Pas un Américain ne croit que dans un telle somme on ne puisse trouver quelques « saines » économies. Le problème est que les gestionnaires des différents services gouvernementaux sommés de procéder à ces coupes sont devant un dilemme. La logique économique voudrait qu’ils commencent par couper dans le superflu. A rogner sur les bords. C’était même le but de la manœuvre. Couper un peu de gras partout. Rationaliser les opérations gouvernementales sans pénaliser tel ou tel service. Mais la logique politique leur demande au contraire de couper au cœur.

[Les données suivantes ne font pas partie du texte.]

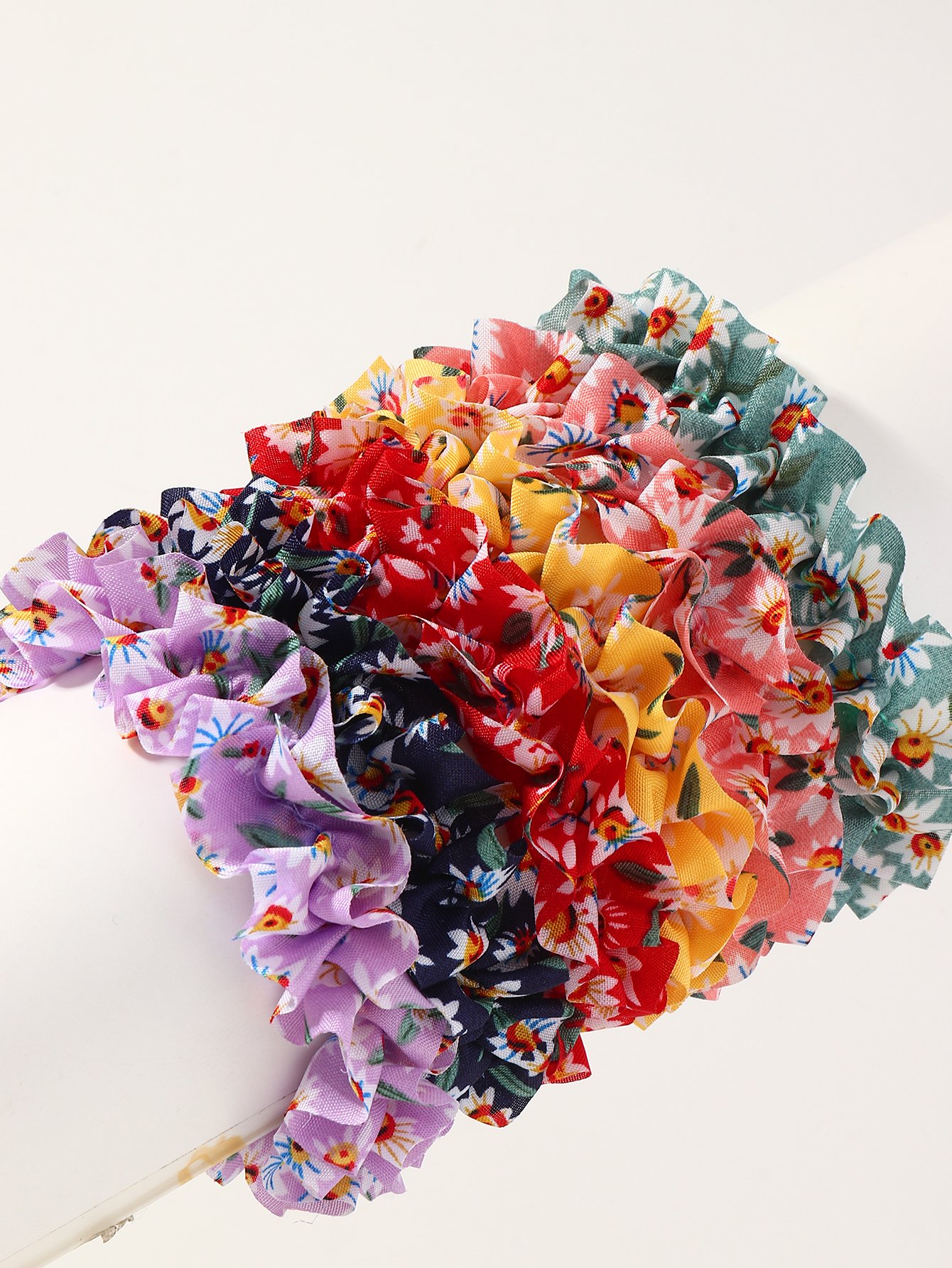 Set of 6 - Ruffle Flower Hair Ties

De rendre ces coupes le plus visible possible et le plus pénible possible pour les Américains afin de démontrer à la fois l’idiotie de la manœuvre et l’importance de la dépense.

Ainsi Janet Napolitano, qui dirige le ministère de la Sécurité Nationale (Department of Homeland Security)  s’est empressée de dire qu’elle devrait réduire les effectifs des personnels de sécurité dans les aéroports ce qui allait allonger les temps d’attente et désorganiser le transport aérien. Comme si parmi les deux cent quarante mille employés de ce ministère personne n’était moins essentiel que ces employés.

Ainsi le département de la Marine (Navy) a retardé le déploiement du porte-avions Harry Truman dans le Golfe persique, prévu dans le cadre des sanctions contre l’Iran, à cause du « séquestre ». Comme si parmi les dizaines de mission qu’elle remplit chaque jour, avec ses trois cents navires, trois mille sept cents avions, et quatre cent mille engagés et réservistes, aucune ne fut moins importante que l’engagement américain à contenir les ambitions militaires nucléaires de l’Iran.

Le Washington Times notait le 4 mars que, au moment où la Navy gardait son porte-avions à quai pour faire des économies, le gouvernement fédéral diffusait quatre cents offres d’emplois, dont cent-vingt pour le seul département de la Défense. Et trois pour l’étude du « ver cotonnier » !

Devant de telles incongruités, les Républicains ont laissé au président la prérogative de désigner lui-même les coupes. Obama a refusé. Les Américains sont désormais convaincus d’être les otages de l’entêtement idéologique de leurs élus, à commencer par le président, incapable de s’élever au-dessus de la mêlée.